> [Instructions for the task] Restrict the output to the lines below starting at the one that contains "Hanna Instruments HI747" and ending at the one that contains "The new blue planet", and restate them word for word, both ends included.

> [Data supplied]
=== Section Start ===

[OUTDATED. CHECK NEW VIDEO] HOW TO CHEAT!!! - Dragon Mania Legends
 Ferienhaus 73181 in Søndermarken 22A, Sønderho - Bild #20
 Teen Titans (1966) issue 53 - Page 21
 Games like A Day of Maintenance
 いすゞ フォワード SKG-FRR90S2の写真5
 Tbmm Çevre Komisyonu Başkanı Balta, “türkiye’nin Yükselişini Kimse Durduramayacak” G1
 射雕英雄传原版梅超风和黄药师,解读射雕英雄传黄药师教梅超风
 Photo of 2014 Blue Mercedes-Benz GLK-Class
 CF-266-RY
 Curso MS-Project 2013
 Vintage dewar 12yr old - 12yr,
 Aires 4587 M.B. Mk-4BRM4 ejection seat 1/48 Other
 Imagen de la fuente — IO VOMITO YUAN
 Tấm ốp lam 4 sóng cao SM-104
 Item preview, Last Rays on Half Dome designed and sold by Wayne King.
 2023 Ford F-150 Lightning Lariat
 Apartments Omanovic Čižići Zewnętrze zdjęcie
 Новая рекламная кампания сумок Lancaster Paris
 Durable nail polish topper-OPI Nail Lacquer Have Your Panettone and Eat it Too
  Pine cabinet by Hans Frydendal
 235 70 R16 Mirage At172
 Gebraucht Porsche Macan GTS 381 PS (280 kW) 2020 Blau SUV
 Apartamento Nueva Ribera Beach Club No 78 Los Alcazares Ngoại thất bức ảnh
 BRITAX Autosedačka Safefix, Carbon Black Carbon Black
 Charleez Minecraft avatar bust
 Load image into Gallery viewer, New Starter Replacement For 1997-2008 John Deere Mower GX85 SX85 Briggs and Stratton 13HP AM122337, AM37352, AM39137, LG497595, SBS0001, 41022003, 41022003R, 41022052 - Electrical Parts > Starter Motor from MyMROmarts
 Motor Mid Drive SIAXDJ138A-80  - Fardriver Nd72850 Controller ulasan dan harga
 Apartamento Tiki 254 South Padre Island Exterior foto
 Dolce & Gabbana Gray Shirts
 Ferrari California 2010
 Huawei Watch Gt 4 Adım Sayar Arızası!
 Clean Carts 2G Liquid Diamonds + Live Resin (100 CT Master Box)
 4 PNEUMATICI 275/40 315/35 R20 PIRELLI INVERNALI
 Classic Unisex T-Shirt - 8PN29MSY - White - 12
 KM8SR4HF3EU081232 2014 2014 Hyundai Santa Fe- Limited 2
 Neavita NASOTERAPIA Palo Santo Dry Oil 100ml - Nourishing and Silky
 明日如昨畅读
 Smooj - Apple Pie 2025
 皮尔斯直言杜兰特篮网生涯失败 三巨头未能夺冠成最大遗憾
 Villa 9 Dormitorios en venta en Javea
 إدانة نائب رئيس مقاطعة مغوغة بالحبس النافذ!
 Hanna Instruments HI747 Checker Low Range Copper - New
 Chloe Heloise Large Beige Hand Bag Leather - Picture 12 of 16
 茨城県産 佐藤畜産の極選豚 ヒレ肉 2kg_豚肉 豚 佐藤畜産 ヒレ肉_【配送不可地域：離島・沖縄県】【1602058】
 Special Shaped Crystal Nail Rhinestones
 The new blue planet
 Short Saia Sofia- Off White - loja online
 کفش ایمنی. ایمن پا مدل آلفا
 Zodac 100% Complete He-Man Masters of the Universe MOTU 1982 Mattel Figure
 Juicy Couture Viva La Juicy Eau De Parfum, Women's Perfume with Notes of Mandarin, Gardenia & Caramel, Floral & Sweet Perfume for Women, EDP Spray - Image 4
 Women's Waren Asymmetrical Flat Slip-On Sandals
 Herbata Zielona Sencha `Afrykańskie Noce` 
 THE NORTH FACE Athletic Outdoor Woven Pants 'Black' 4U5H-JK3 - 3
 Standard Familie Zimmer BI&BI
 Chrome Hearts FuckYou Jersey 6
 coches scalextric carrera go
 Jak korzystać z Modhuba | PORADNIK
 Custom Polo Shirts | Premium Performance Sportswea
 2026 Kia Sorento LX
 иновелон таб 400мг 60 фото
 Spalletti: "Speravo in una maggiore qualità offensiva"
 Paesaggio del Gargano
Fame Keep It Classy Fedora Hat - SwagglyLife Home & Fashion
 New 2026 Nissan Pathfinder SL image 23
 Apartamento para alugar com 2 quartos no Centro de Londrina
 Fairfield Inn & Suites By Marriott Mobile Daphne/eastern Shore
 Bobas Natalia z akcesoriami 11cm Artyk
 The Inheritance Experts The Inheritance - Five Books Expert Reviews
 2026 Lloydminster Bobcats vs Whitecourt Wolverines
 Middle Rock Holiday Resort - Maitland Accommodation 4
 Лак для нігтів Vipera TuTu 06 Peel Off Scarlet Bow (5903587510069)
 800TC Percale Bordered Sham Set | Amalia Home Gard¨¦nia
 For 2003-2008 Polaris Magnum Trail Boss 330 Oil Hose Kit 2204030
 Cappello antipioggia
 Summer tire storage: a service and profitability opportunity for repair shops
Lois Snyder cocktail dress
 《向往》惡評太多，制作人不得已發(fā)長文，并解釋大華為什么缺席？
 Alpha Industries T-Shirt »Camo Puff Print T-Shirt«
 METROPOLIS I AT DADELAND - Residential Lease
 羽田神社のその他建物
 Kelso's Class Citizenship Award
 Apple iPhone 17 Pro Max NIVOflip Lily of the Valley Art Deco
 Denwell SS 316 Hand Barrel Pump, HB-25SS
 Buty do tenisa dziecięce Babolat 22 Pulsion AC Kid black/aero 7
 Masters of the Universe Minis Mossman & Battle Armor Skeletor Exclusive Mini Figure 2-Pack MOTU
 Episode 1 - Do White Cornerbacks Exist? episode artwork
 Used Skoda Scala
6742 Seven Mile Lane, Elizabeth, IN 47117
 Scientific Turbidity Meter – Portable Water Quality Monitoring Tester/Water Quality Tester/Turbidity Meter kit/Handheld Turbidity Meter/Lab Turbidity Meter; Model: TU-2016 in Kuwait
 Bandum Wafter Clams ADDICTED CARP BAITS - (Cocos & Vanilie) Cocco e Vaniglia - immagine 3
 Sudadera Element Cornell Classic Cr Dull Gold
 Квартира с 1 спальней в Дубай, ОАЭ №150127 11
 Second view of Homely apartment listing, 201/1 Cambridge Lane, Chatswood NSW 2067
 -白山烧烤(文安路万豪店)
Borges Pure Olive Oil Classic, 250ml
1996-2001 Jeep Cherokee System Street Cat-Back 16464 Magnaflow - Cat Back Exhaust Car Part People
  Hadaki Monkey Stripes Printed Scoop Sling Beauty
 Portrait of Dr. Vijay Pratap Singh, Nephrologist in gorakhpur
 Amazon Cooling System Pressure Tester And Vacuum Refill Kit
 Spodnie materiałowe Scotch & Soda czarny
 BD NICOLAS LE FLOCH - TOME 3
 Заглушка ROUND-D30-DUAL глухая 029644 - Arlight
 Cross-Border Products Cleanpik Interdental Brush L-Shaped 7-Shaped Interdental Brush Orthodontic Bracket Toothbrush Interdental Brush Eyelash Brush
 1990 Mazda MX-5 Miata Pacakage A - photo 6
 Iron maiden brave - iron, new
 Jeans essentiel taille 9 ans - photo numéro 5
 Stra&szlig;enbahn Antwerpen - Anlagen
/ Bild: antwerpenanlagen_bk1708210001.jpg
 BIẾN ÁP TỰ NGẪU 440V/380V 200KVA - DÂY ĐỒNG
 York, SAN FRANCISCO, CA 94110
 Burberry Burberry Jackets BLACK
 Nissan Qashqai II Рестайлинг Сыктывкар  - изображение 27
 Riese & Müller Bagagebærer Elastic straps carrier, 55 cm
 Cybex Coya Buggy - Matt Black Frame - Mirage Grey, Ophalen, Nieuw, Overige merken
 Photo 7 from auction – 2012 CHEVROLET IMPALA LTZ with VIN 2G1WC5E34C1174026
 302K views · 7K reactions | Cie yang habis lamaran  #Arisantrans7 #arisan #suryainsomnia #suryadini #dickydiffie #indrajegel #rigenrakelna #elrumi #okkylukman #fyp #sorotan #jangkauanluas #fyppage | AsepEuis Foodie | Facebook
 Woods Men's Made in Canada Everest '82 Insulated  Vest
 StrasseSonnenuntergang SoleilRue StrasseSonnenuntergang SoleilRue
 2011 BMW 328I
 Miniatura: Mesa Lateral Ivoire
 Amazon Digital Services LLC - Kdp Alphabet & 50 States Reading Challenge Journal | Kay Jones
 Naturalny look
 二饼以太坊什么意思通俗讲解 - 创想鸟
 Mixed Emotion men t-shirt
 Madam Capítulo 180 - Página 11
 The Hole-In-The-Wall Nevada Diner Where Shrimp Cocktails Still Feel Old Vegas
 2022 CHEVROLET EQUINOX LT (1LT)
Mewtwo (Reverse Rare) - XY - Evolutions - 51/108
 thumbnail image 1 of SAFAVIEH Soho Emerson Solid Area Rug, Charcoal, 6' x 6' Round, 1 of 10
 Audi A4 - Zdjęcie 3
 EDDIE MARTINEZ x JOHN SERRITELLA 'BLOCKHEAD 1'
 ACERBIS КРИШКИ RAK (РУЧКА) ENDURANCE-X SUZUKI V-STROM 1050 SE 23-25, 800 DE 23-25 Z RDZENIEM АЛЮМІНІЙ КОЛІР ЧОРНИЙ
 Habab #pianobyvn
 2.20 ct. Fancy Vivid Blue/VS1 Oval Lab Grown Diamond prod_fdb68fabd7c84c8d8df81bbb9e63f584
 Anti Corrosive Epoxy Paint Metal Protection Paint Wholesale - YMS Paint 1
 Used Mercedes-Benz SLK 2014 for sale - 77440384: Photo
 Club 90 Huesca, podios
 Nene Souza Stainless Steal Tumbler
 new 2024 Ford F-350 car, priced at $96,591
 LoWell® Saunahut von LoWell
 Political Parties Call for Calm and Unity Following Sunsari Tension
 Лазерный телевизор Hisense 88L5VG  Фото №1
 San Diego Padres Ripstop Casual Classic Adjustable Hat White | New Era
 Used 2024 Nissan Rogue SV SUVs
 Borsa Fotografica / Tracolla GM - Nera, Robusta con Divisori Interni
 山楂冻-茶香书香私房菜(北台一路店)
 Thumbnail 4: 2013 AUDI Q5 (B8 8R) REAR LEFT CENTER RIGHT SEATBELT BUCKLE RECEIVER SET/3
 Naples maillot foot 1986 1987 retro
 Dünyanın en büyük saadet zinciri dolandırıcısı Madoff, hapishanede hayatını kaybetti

=== Section End ===

> [Answer to this exercise]
 Hanna Instruments HI747 Checker Low Range Copper - New
 Chloe Heloise Large Beige Hand Bag Leather - Picture 12 of 16
 茨城県産 佐藤畜産の極選豚 ヒレ肉 2kg_豚肉 豚 佐藤畜産 ヒレ肉_【配送不可地域：離島・沖縄県】【1602058】
 Special Shaped Crystal Nail Rhinestones
 The new blue planet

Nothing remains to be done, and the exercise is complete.